The underlying idea, that natural language is now the dominant programming interface, was something Karpathy had flagged two years earlier with a tweet: "The hottest new programming language is English."
That moment crystallized a pattern running through his entire career: Karpathy consistently names what the field has not yet named, and does so with enough precision that the name sticks.
His influence extends across multiple layers. As an educator, his open-source repositories function as university syllabi for self-taught engineers around the world. You can see that pattern reflected in the AI statistics shaping how practitioners think about the field today.
As a practitioner, he shaped how Tesla approached autonomous driving, which informed how the entire industry thought about neural network pipelines for safety-critical systems.
"His biggest impact on the world, however, may come not from his research but from his role as one of the world's foremost educators on neural networks."
– TIME100 AI 2024
Karpathy was named one of MIT Technology Review's Innovators Under 35 in 2020 and one of TIME's 100 Most Influential People in AI in 2024. Those awards track reputation. What is harder to quantify is the number of researchers who built their first neural network by following one of his tutorials.
"I'm a little bit obsessed with coming to the core of things."
– Andrej Karpathy (TIME100 AI 2024)
He credits that instinct to his physics education, which trained him to find the simplest explanation for a complex system, strip away everything that is not structural, and make the mechanism visible.
What's Next for Andrej Karpathy
In December 2025, Karpathy described what he called a "hard flip." Since that month, he has written essentially no code by hand.
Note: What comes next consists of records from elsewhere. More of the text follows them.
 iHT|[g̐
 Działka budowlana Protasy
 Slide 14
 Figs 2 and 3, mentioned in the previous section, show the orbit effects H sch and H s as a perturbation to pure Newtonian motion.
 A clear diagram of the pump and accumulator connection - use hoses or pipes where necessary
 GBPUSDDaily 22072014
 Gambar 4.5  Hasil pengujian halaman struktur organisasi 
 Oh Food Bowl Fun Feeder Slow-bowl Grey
He now orchestrates AI agents, spending roughly 16 hours a day directing them rather than doing the work directly. He frames the shift not as a loss of craft but as a change in job description: from writing code to managing the systems that write code.
His project AutoResearch is the sharpest expression of where he sees AI going. In March 2026, AutoResearch ran autonomously overnight and completed 700 experiments on a nanochat model, finding improvements Karpathy had missed after years of hand-tuning. The repository has attracted 77,718 stars, making it his most-starred project.
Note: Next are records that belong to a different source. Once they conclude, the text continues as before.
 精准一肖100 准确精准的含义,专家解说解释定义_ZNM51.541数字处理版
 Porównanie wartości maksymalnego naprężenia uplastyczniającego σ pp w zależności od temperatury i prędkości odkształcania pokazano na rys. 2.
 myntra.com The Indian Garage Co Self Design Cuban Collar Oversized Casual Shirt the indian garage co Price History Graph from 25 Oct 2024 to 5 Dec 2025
"Programming is becoming unrecognizable. This is nowhere near 'business as usual' time in software."
– Andrej Karpathy (Business Insider, 2026)
He is building Eureka Labs into a curriculum platform where the model of one expert teaching millions is the default rather than the exception. He has said clearly that he does not want to gatekeep educational content. Course material is free; the business runs on cohort fees.
Whether he can make that model financially durable is one of the more interesting questions in AI education over the next several years. His approach prefigures the zero-human company model where AI extends human reach rather than replacing human judgment.
"People are obviously pre-money if they're trying to learn a lot of stuff. So I get paid in people thanking me."
– Andrej Karpathy (TIME100 AI 2024)
The through-line from 2006 Rubik's cube tutorials to 2026 AutoResearch is not hard to see. Karpathy has always been drawn to the part of a complex system that most people cannot see clearly, and to making that part visible. Now he is applying that same instinct to AI itself, building tools designed to help researchers understand and improve models without needing to sit inside the loop at every step.
What makes him unusual is that he keeps doing this publicly, with code anyone can run and explanations anyone can follow. The best AI harness tools being built today trace intellectual lineage back to his work on AutoResearch and nanoGPT.
That is not an accident. It is how he works.